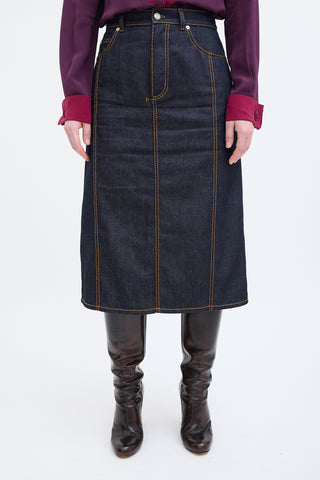 Alexander McQueen Dark Wash Denim Midi Skirt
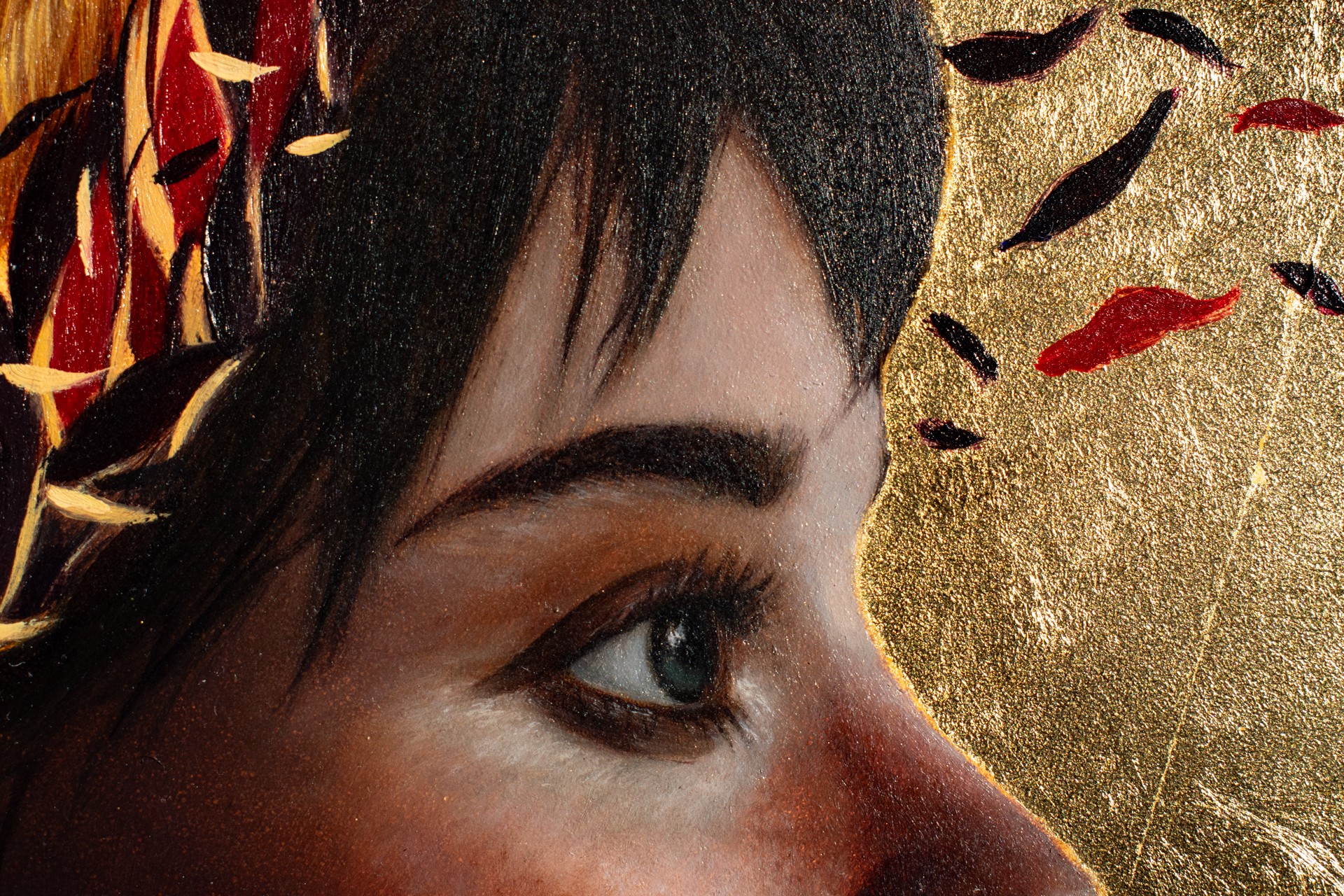 A painting of a woman with feathers on her head.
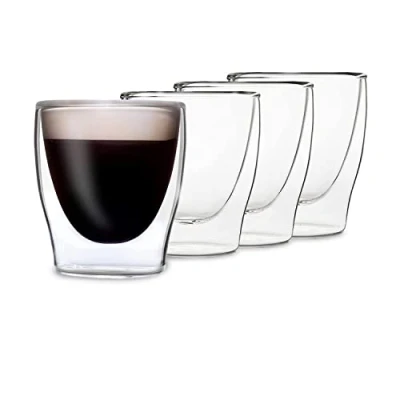 Afbeelding van DUOS 4X 80 ml espressoglazen set dubbelwandige thermoglazen, koffieglazen, shotglazen dubbelwandig schnapsglazen van Feelino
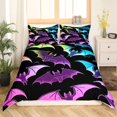 thumbnail image 2 of YST Colorful Bat Print Duvet Cover Set, Rainbow Gradient King Size Bedding for Kids, Happy Halloween, 2 of 6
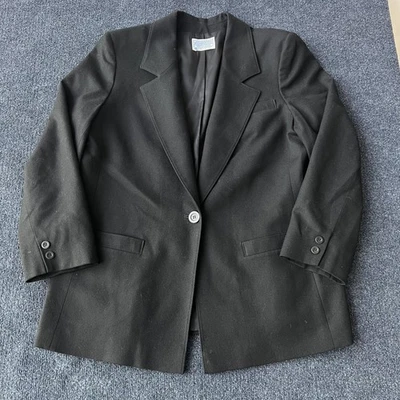 Pendleton Blazer Mens Large Black Pure Virgin Wool Single Button Made in USA - Image 1 of 4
------------------------------
For this exercise, print all of the entries exactly as they appear, but without pictures.

 Alexander McQueen Dark Wash Denim Midi Skirt
 A painting of a woman with feathers on her head.
 Afbeelding van DUOS 4X 80 ml espressoglazen set dubbelwandige thermoglazen, koffieglazen, shotglazen dubbelwandig schnapsglazen van Feelino
 thumbnail image 2 of YST Colorful Bat Print Duvet Cover Set, Rainbow Gradient King Size Bedding for Kids, Happy Halloween, 2 of 6
 Pendleton Blazer Mens Large Black Pure Virgin Wool Single Button Made in USA - Image 1 of 4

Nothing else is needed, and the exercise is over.